Profile of Acute Liver Failure from North-east India and Its Differences from other Parts of the Country.

BACKGROUND: Acute liver failure (ALF) is a critical illness with a large number of viral and nonviral causes. Clinical course and etiologies in the Asian countries are different from those reported from the Western world and mortality is high. There may even be intracountry variations in large countries like India, which have differing culture, ethnicity, and environment. Data from North-east part of India is lacking.
MATERIALS AND METHODS: Acute liver failure cases (>14 years of age) seen over a period of 8 years (n = 255) were studied at a Government Medical College in Assam for their etiological and other demographic profile. Viral serology was carried out and revalidated at a laboratory in New Delhi.
RESULTS: Majority of cases were <30 years of age. Commonest etiology was nonviral (non-ABCE). Amongst viral causes, hepatitis A and E were common, while hepatitis B virus (HBV) was rare. Unknown herbal medication use was very frequent in our cases with a significantly higher mortality. Mortality was highest in cases in 3rd decade of life. Statistically, international normalized ratio (INR) was the strongest predictor of death.
CONCLUSION: Unlike the rest of India, hepatitis virus is not the major cause of ALF in our part; hepatitis A being commoner than hepatitis E, and B is rare. Unknown herbal medications are major cause of mortality and is important medicosocial issue. Our study highlights the differences in the profile of ALF from other Indian and western studies, possibly due to sociocultural factors prevalent in this part. HOW TO CITE THIS ARTICLE: Das AK, Begum T, Kar P, Dutta A. Profile of Acute Liver Failure from North-east India and Its Differences from other Parts of the Country. Euroasian J Hepato-Gastroenterol 2016;6(2):111-115.

INTRODUCTION

Acute liver failure (ALF) is a life-threatening emergency, but potentially reversible condition, of varied etiology. The mortality is usually high unless aggressive and early treatment is instituted, usually in an intensive care setting. Treatment is directed at early recognition of the cause, complications, and general supportive measures, but despite advanced intensive care, mortality may be as high as 40 to 80%, which is mostly related to its complications like cerebral edema and sepsis.[1] Orthotropic liver transplantation (OLT) has now become an established treatment option in patients with ALF and is becoming increasingly available in developing nations including India. Hence, there is a need to generate more data about ALF as proper selection of cases usually benefit from OLT. Worldwide, hepatitis A and E infections possibly cause majority of ALF, with mortality of up to >50% reported from the developing world.[2]

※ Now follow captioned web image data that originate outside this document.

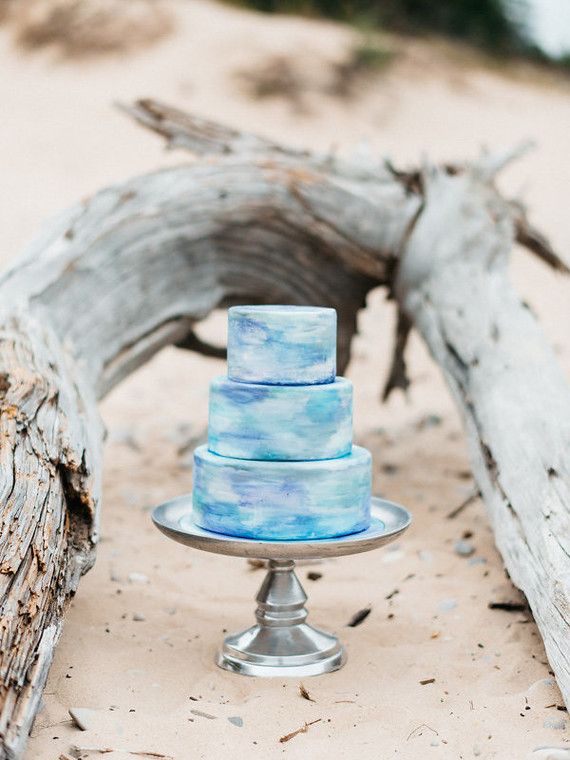 Watercolor Wedding Cakes To Blow Your Mind Away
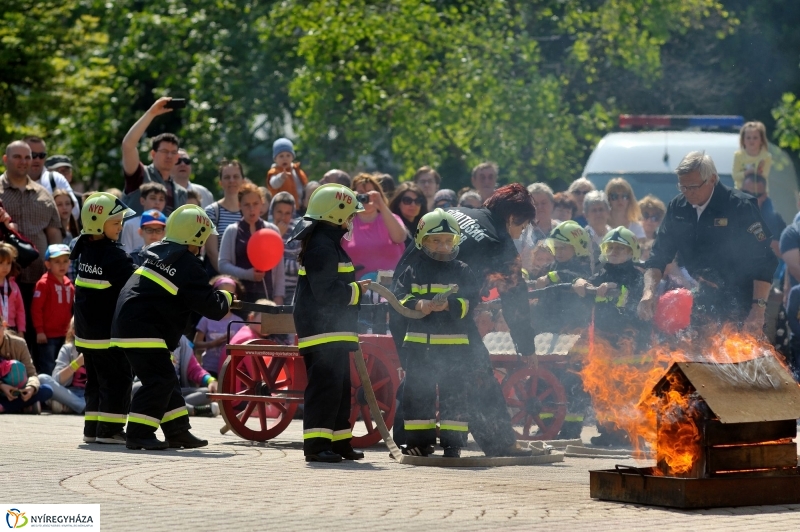 Rendvédelmi nap Nyíregyházán 20160505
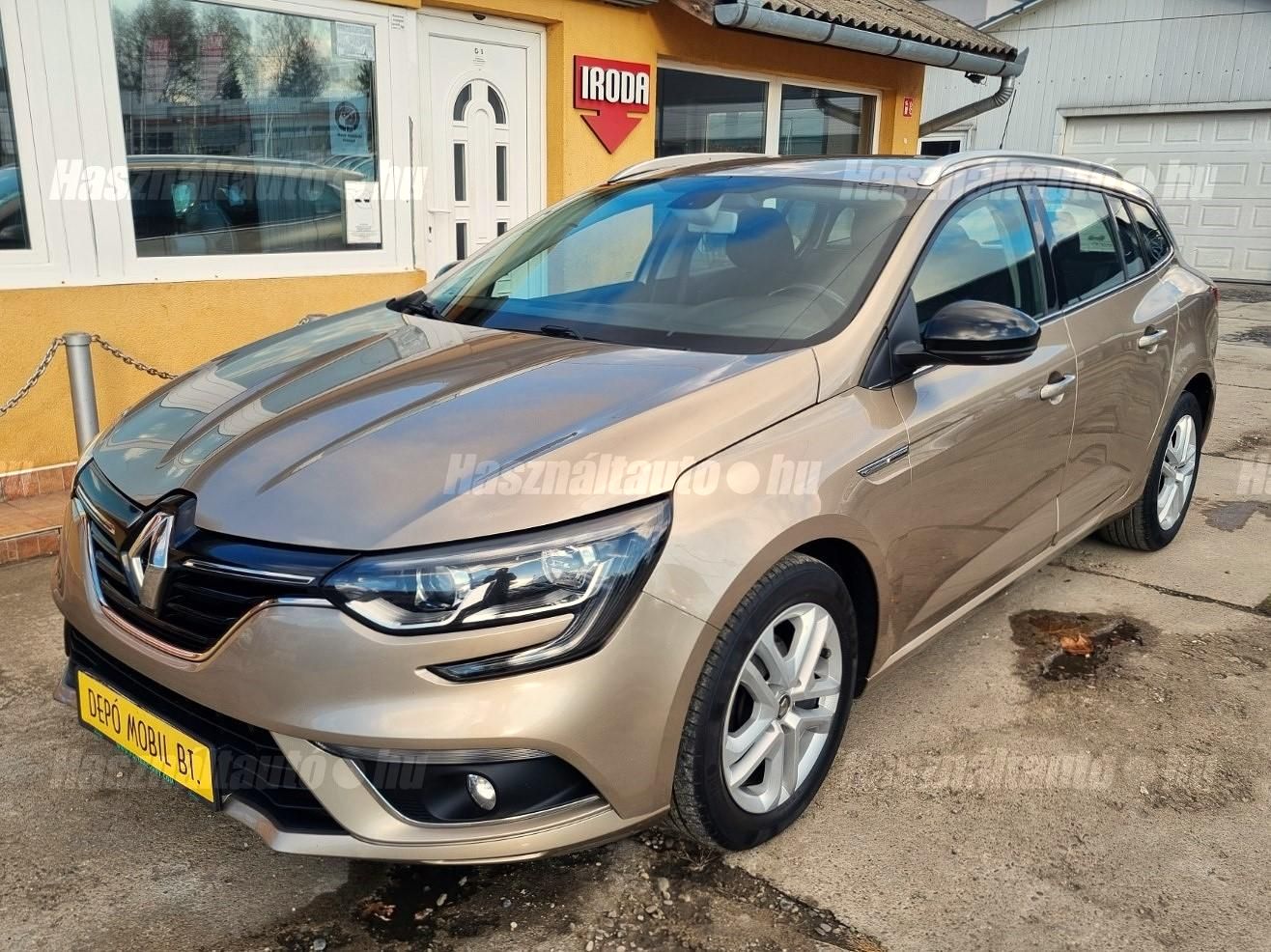 RENAULT MEGANE 2018/7 - 1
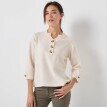 Pulover cu nasturi și model perlat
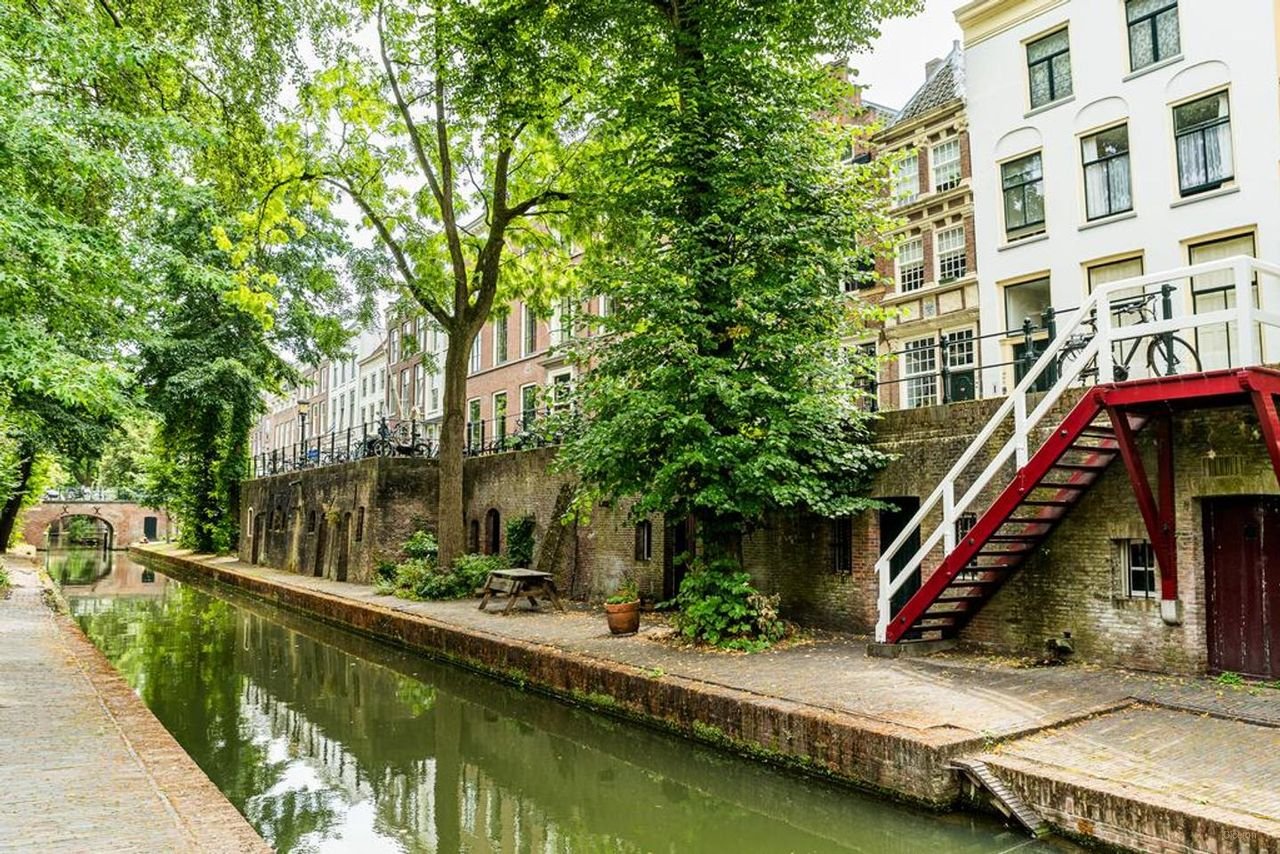 Luxe grachtenpand met terras en parkeren - Afbeelding 18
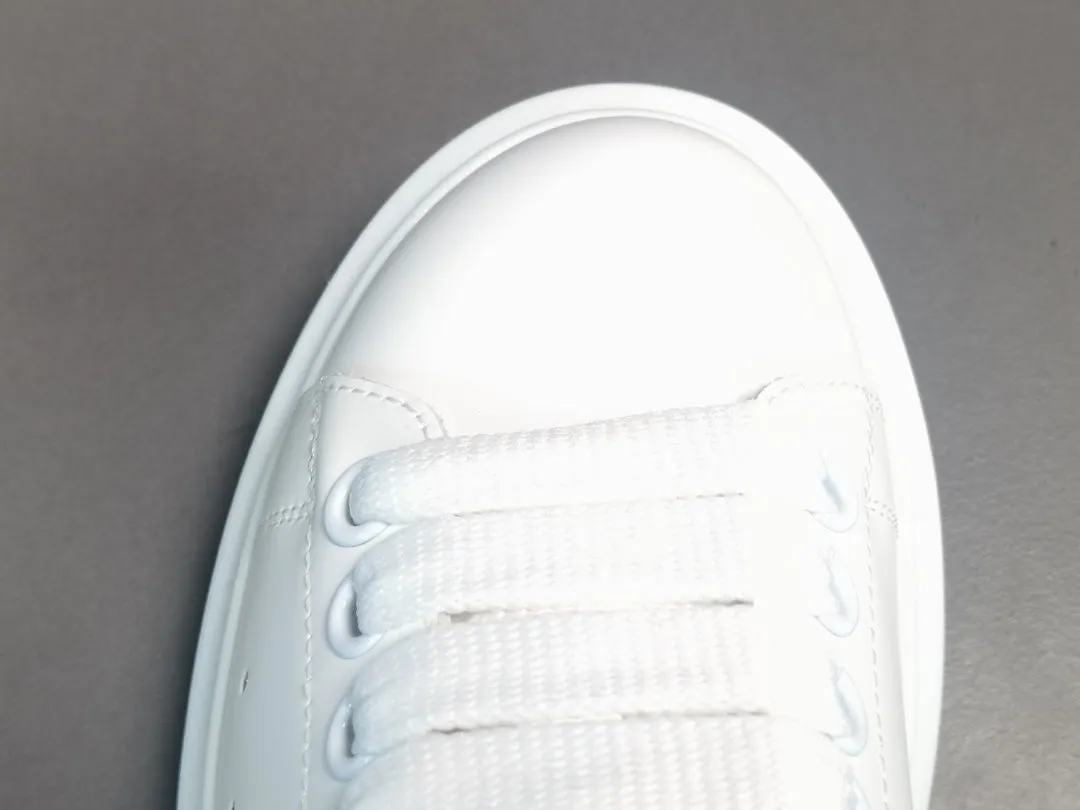 ALEXANDER MCQUEEN SNEAKERS x WHITE VANILLA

Most of the reports on ALF have been predominantly from the West.[34] The largest Indian series of 423 patients with ALF reported from Delhi in 1996 showed that both the etiological and prognostic factors varied from those reported from the West.[5] This suggests that ALF may have geographical differences in terms of etiology and outcome as a result of different environmental and host/genetic factors. While reports from our country suggest an etiologically homogenous population with ALF, the Western patients show a more heterogeneous nature. In Europe and North America, a large proportion of cases occur due to acetaminophen, nonsteroidal antiinflammatory drug (NSAID), and idiosyncratic drug reactions, whereas reports from Asia and Africa implicate viral illnesses, particularly hepatitis B and E.[6] Hepatitis E infection is rarely seen in Western countries as opposed to its high prevalence in the East. Viral hepatitis is reportedly the commonest cause of ALF in India,[7] but etiologies of acute viral hepatitis from North-eastern part of India differ as compared to other parts of India.[8] In all cases, a careful search for the cause of ALF is important in determining whether there is a specific treatment available and to anticipate the prognosis.[7]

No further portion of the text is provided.